Ils entrent dans l’ascenseur et je ne les entends plus. Mes super-pouvoirs ont donc des limites. Une chose est sûre, il faut absolument que je me tire d’ici.

Tiens, la petite vient de sortir du cagibi ou elle était cachée. On peut dire qu’elle a de la suite dans les idées. Elle se dirige vers ma chambre. Ça ne m’arrange pas trop parce que c’était le moment idéal pour filer à l’anglaise. Je me lève, je récupère des vêtements et j’ai juste le temps d’enfiler un pantalon avant son arrivée.

— Tiens, te revoilà ! Dis-je d’un air faussement surpris.

— Je viens de voir l’inspecteur, répond-elle candide. Il dit qu’il faut vous envoyer dans un camp et que vous serez condamné. Vous êtes un bandit ?

— Oui, je suis un bandit. – je n’ai pas le temps de lui explique ce qu’est un réfugié, et encore moins que je viens probablement d’un autre monde – et il faut que je me cache. Tu sais ou est la Grand Place ? Celle ou il y a une église.

Je sors sans attendre sa réponse et je me dirige vers l’escalier de secours. Naturellement elle me suit.

— Oui, je vais vous y conduire, répond-elle sans hésitation. C’est une bonne cachette, il n’y a déjà presque personne en temps normal, et depuis le Covid-22, il n’ y personne tout court.

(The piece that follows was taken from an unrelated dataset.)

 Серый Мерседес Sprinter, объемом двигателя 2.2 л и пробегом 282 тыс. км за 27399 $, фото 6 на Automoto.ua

— Tu n’es pas obligée de m’accompagner, si tu m’indiques simplement le chemin…

— Hé là-bas ! Arrêtez !

Un interne nous interpelle alors que nous sommes presque dehors. Je reconnais un des brancardiers qui m’a conduit à l’ambulance.

— Toi ma petite ! Tu m’as raconté des histoires. Ce monsieur n’est pas ton papa. Tu es la fille du maire et tu devrais être à l’école. Et vous monsieur, qui vous a permis de quitter votre chambre.

— Ce que vous êtes bêtes, s’exclame la fillette. Ce monsieur est l’électricien qui doit réparer le réseau électrique de la mairie. S’il ne le fait pas maintenant, toute la ville sera paralysée, et ce sera de votre faute… mon papa ne sera pas content et il vous fera jeter dehors !

Mais qui lui a appris à mentir comme ça ? Question idiote… son papa fait de la politique !

— Oui, je suis électricien, dis-je en hochant la tête. Et je vais beaucoup mieux, merci.

Il hésite… et nous sortons sans attendre qu’il se décide à nous laisser passer ou à donner l’alerte.

La petite me prend par la main et me guide dans les petites rues.

— C’est vrai que tu devrais être à l’école… à moins qu’elle ne soit fermée à cause du Covid-22.

— Elle est ouverte, répond-elle. Mon papa l’a rouverte parce que le président l’a ordonné, mais il ne veut pas que j’y ailles parce qu’il y a plein de professeurs malades et que les classes sont surpeuplées. Les autres enfants par contre… et bien ils doivent y aller puisque le président l’a dit.

Ça fait au moins une chose en commun à tous les univers.